No hay una sola pérdida de inocencia, como a veces se tiende a creer y divulga el vulgo. Mucha gente relaciona la inocencia con lo sexual. Perder la inocencia (se piensa) es perder la candidez, por ejemplo, de un cuerpo virginal que ha sido terriblemente mancillado por otro. Si accedes al placer sexual, si acostumbras a ver pornografía, si practicas constantemente el maldito onanismo, estás frito, no eres inocente, eres un sucio lujurioso más próximo al infierno que a la gloria eterna.
Muchos creen, desde esta perspectiva, que la inocencia se pierde en la adolescencia. Sin embargo, yo tengo dudas. Me parece que eso de la inocencia va más allá de esa manera enfermiza de considerar lo sexual. Sostengo que la inocencia la perdemos de múltiples maneras en la vida y no dejamos de «pasar por inocentes» hasta morir. Afirmar que perdemos la candidez una sola vez demuestra no sólo optimismo extremo, sino la afirmación absoluta de nuestra tesis en el sentido de que somos inocentes empedernidos.
De esta manera no es cierto que seamos una «res cogitans», un «homo symbolicus» o un «zoon politikon», somos simplemente «animales ingenuos». Nuestra naturaleza es la simplicidad, la candidez y la credulidad. Creemos ver lo que no vemos y pasar por alto la realidad. Ese vivir soñando nos pierde y confunde hasta que los años nos enseñan a ser más despiertos y sagaces. El mundo es de sombras, según el decir de Platón, pero nacemos manteniendo una actitud fideísta de campeonato.

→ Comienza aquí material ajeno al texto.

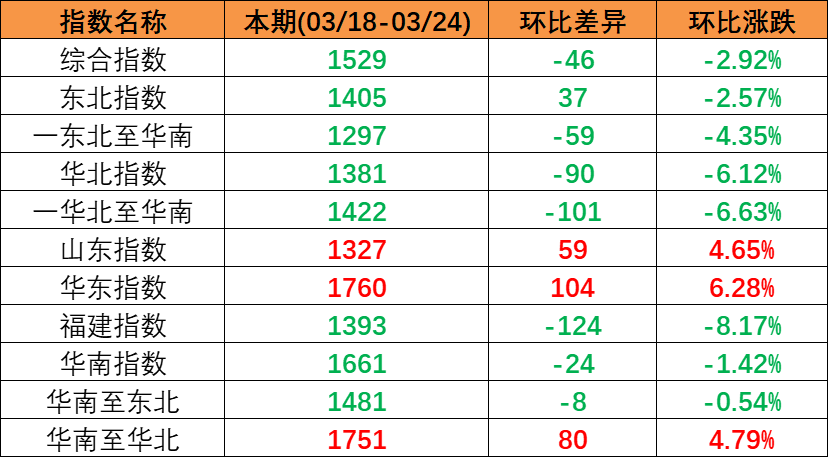 05bbfbccbdd1cb1b3dcf96748f95e53e6426af7e5c79c J9游戏·【中国】官方网站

Es falso, entonces, que la inocencia se pierde únicamente al ver un cuerpo desnudo (que, dicho sea de paso, a mí me sigue entusiasmando tanto). En realidad «pasamos por inocentes» una y mil veces en nuestra vida. Por eso decía al inicio que si lleváramos un diario registraríamos fielmente esos momentos reveladores y al mismo tiempo de tanta luz vital. Repasemos algunos de esos tantos momentos de posibles pérdidas de ingenuidad.
Uno puede perder la inocencia desde muy joven, por ejemplo, cuando se advierte (se reconoce) que ese famoso papá nuestro es una desgracia caminando. Uno despierta del sueño dogmático del «papá-Dios» para descubrir a un fantoche irresponsable, bebedor e infantil de ligas mayores. Terrible revelación para un niño. La primera escama caída. También se puede perder la inocencia cuando de joven se da el primer beso, al sentir cosquillas en el estómago por tanto amor, o al simplemente rozar la piel de esa mujer idealizada. Esta es una hermosa manera de perder la inocencia.
Pero hay tantas maneras de perder la inocencia, como antes decía: cuando uno participa en un partido político creyendo construir así un mundo mejor (por ejemplo), al asistir a una iglesia donde el pastor o el cura es ladrón y abusador de menores, al descubrir una verdad milenaria -mi pareja nunca me fue fiel-, o simplemente cuando un columnista se entera maravillado de que sus artículos lo leen sólo dos o cuatro lectores masoquistas y desocupados. La inocencia nuestra es ilimitada, no nos queda más que aceptarlo.